Ad incidere sulla situazione è certamente la decisione del Governo di tagliare i fondi: se lo Stato investiva per i ‘diversamente abili’ circa 1 miliardo di euro, nel 2014 ha previsto solo 250 milioni. Ed è per questo che è nato ‘Il cuore nello zaino’: il progetto intende fornire gratuitamente i farmaci utilizzati dal servizio sanitario di Unitalsi per gli zaini di primo soccorso impiegati in tutti i pellegrinaggi accanto per le persone malate e disabili.
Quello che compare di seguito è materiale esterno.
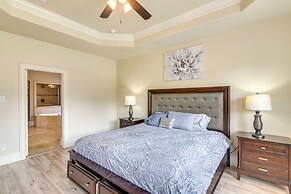 26 Mi to Houston: Spacious Home w/ Fenced Yard!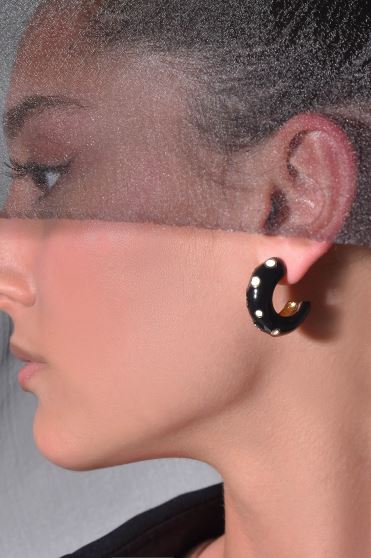 گوشواره فلزی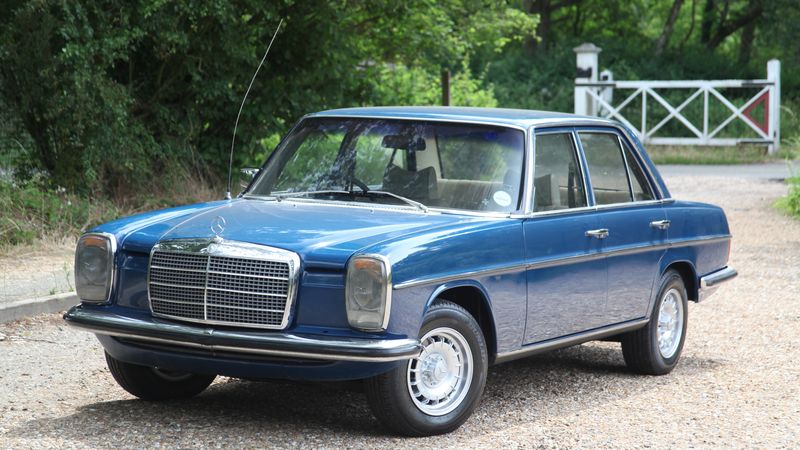 1976 Mercedes-Benz 280 (W114) For Sale (picture 1 of 123)
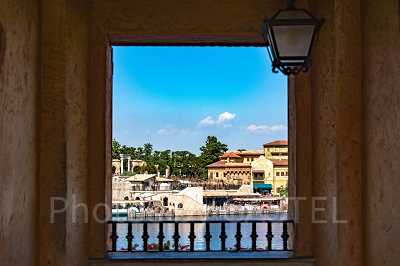 「ポンテ・ベッキオ」橋の途中設定：35㎜ SS1/800 F6.3 ISO100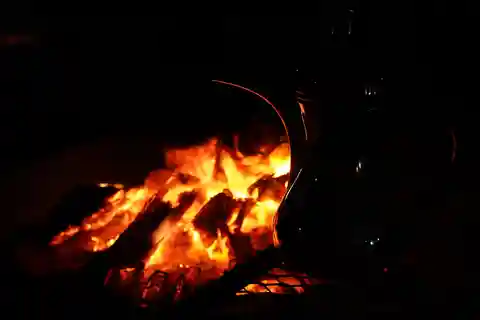 Von Doha aus: Nächtliche Wüstensafari mit Lagerfeuer und Sternenguckerei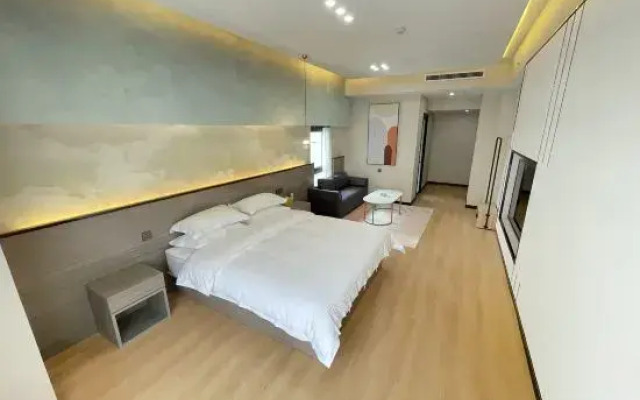 Gemini Hotel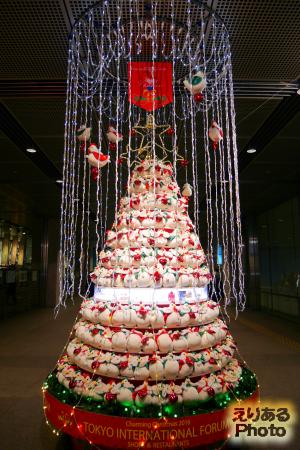 2016年の東京国際フォーラムのクリスマスツリー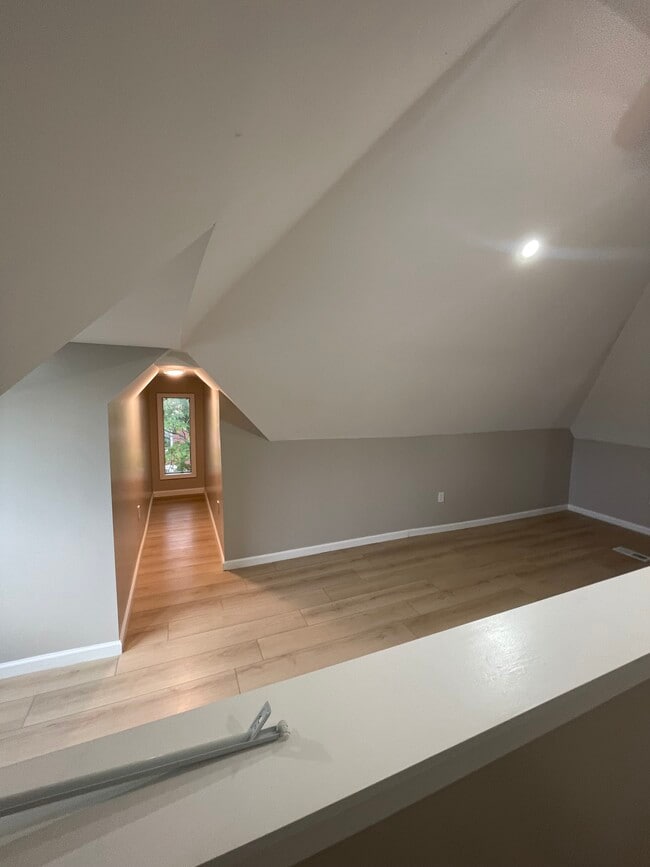 Bed suite 2 - 805 S 17th St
L’iniziativa si svilupperà con altre due tappe per il 2015:
1. ‘Il treno della speranza’, che prevede la fornitura di medicinali da parte del Banco Farmaceutico a tutti i treni dell’Unione che partono per i pellegrinaggi
2. ‘Insieme nelle periferie del mondo’, grazie alla quale anche le case di accoglienza per persone disabili e malate dell’organizzazione presenti in tutta Italia, potranno ricevere dal Banco Farmaceutico medicinali e materiale sanitario.
‘Banco Farmaceutico – ha detto Paolo Gradnik, presidente della Fondazione Banco farmaceutico onlus – ha accettato la sfida dell’Unitalsi perché siamo convinti che per contrastare la crisi e le povertà da essa scaturite occorra fare rete. I dati che abbiamo presentato oggi ci dicono che anche le categorie sociali che dovrebbero essere più protette cominciano a trovarsi in difficoltà. Un campanello di allarme che deve fare raddoppiare i nostri sforzi per fare in modo che in Italia si allarghi sempre di più la rete di solidarietà che sta sostenendo in silenzio un Paese in grandi difficoltà’.